Neil W. Hamilton and Louis D. Bilionis continue their all-star efforts to guide and support law school faculty and staff tasked with meeting the new requirements in ABA Standard 303. Their new book, Law Student Professional Development and Formation: Bridging Law School, Student, and Employer Goals (Cambridge University Press, 2022) is now available to help those charged with providing substantial opportunities for the development of their students’ professional identity, as well as education on bias, cross-cultural competency, and racism. The book has received praises and endorsements from many deans and professors, including Professors Patrick Longan, Daisy Hurst Floyd, and Timothy W. Floyd who just published a book review in the July/August NALP Bulletin (viewable by members only). As explained in that review, “[t]he book is aimed primarily at law school professors and administrators who understand professional identity and appreciate its importance but who are at schools where professional identity formation has not yet taken root. For members of that audience, the book provides wise advice about how to proceed step-by-step and a detailed look at the best practices for promoting professional identity formation.”

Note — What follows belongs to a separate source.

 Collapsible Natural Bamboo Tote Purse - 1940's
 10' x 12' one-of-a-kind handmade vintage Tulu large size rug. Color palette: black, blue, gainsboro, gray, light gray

Highlights of the Hamilton and Bilionis book were shared in a two-part article published in the May and June NALP Bulletins. Because of the importance of the topic and the value of their work, those two articles are available to the public as NALP Bulletin highlights: Revised ABA Standards 303(b) and (c) and the Formation of a Lawyer’s Professional Identity, Part 1: Understanding the New Requirements, and Revised ABA Standards 303(b) and (c) and the Formation of a Lawyer’s Professional Identity, Part 2: Action Steps to Benefit Students, Law Schools, and the Legal Profession. I understand Part 3 will be published soon!
In their work, Hamilton and Bilionis encourage law schools to start with a group of enthusiastic faculty and staff who are already interested and then empower them to engage in professional identity work that will meet the students “where they are.” Their book provides a plan for creating programming that will benefit “students, legal employers, clients, the legal system, and the law school.” Their goal is to assist law schools as they effectively and practically address the new 303(c) requirement. They note ABA Standard Interpretation 303-5 which recognizes that the work of “developing a professional identity requires reflection and growth over time,” and therefore, law schools should provide students with “frequent opportunities for such development during each year of law school and in a variety of courses and co-curricular and professional development activities.”
As Longan, Floyd and Floyd add, “[i]n Law Student Professional Development and Formation: Bridging Law School, Student, and Employer Goals, Professors Hamilton and Bilionis have done legal education a tremendous service by setting forth the opportunities for professional identity formation in this moment and providing a practical playbook for taking advantage of those opportunities, even in the face of some expected institutional resistance.”
This is critically important work in legal education! We appreciate all of you for your dedication to better preparing law students for their future work as professionals and leaders.